The New Science of Universal Usability
Professor, Computer Science
Founding Director, Human-Computer Interaction Laboratory
Member, Institute for Advanced Computer Studies
University of Maryland at College Park
There is a growing awareness that new kinds of science are needed to cope with many contemporary problems. The idea of Science 2.0 shifts attention from the natural to the made world, where richly interdisciplinary problems are resistant to reductionist solutions. Science 2.0 includes topics such as environmental preservation, energy sustainability, conflict resolution, community building, and universal usability. The problems of universal usability have technical foundations, but its intensely human dimensions means that innovative solutions are needed to promote broad usage of the web, mobile technologies, and new media. The goals are to enable broad access to learning, democratic processes, health information, community services, etc. Challenging research problems emerge from addressing the needs of diverse users (novice/experts, young/old, abled/disabled, multiple languages, cross cultural) who use a wide range technologies (small/large displays, slow/fast networks, voice/text/video). In some cases, traditional controlled studies are successful (Science 1.0), but often novel case study ethnographic methods are more effective (Science 2.0).
- Shneiderman, B. Foreword. Access by Design: A Guide to Universal Usability for Web Designers. By Sarah Horton. Berkeley, CA: New Riders, 2006.

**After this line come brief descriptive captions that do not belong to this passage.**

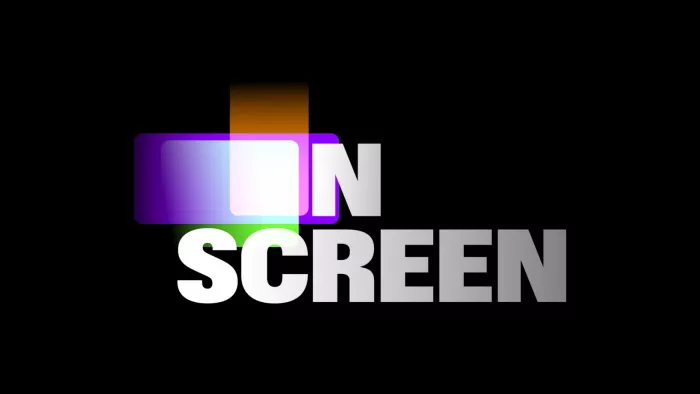 ON SCREEN
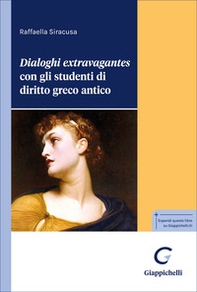 Dialoghi extravagantes con gli studenti di diritto greco antico - Librerie.coop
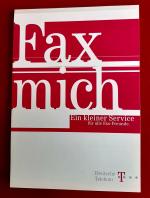 Fax mich. Ein kleiner Service für alle Fax-Freunde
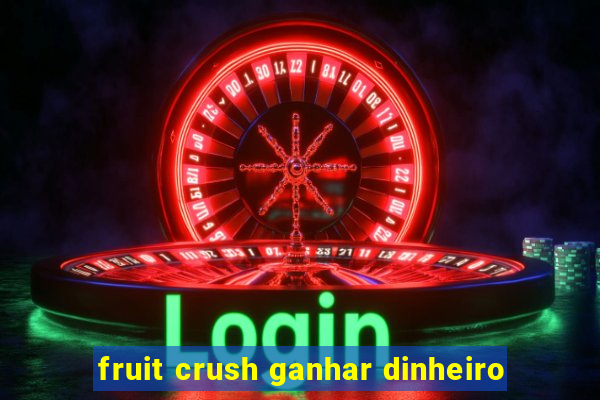 fruit crush ganhar dinheiro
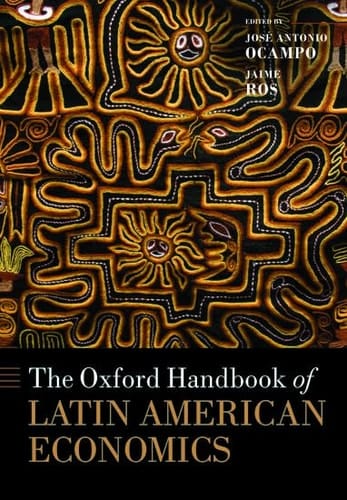 The Oxford Handbook of Latin American Economics (Oxford Handbooks)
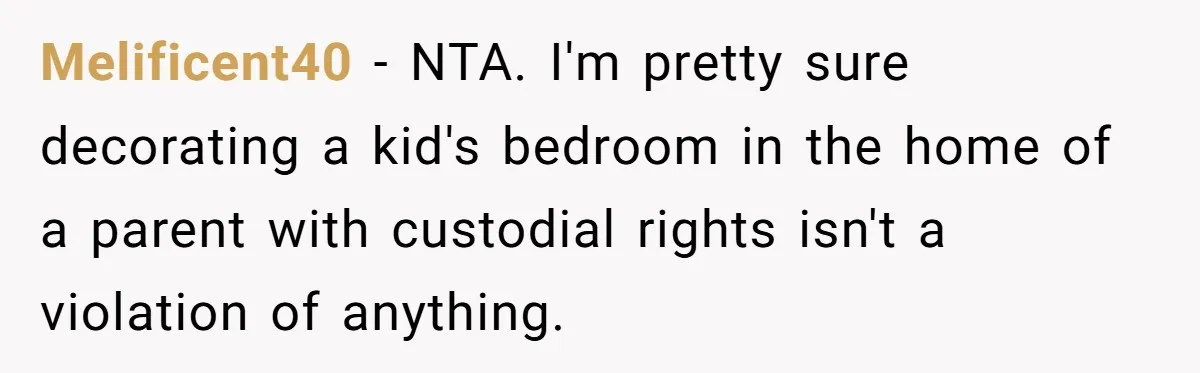 Melificent40 − NTA. I'm pretty sure decorating a kid's bedroom in the home of a parent with custodial rights isn't a violation of anything.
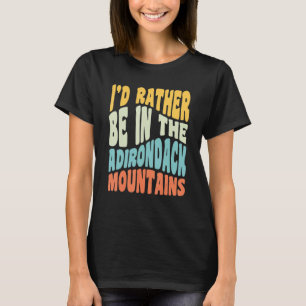 Adirondack Mountains Ny I'd Rather Be In The Adiro T-Shirt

- Shneiderman, B. Universal Usability. Communications of the ACM 43, no. 5 (2000), pp. 84–91.
About Ben Shneiderman
Ben Shneiderman is a Professor in the Department of Computer Science, Founding Director (1983-2000) of the Human-Computer Interaction Laboratory, and Member of the Institute for Advanced Computer Studies at the University of Maryland at College Park. He was elected as a Fellow of the Association for Computing (ACM) in 1997 and a Fellow of the American Association for the Advancement of Science (AAAS) in 2001. He received the ACM SIGCHI Lifetime Achievement Award in 2001. Ben is the author of Software Psychology: Human Factors in Computer and Information Systems (1980) and Designing the User Interface: Strategies for Effective Human-Computer Interaction (4th ed. 2004). His recent books include Leonardo's Laptop: Human Needs and the New Computing Technologies (MIT Press) which won the IEEE book award in 2004.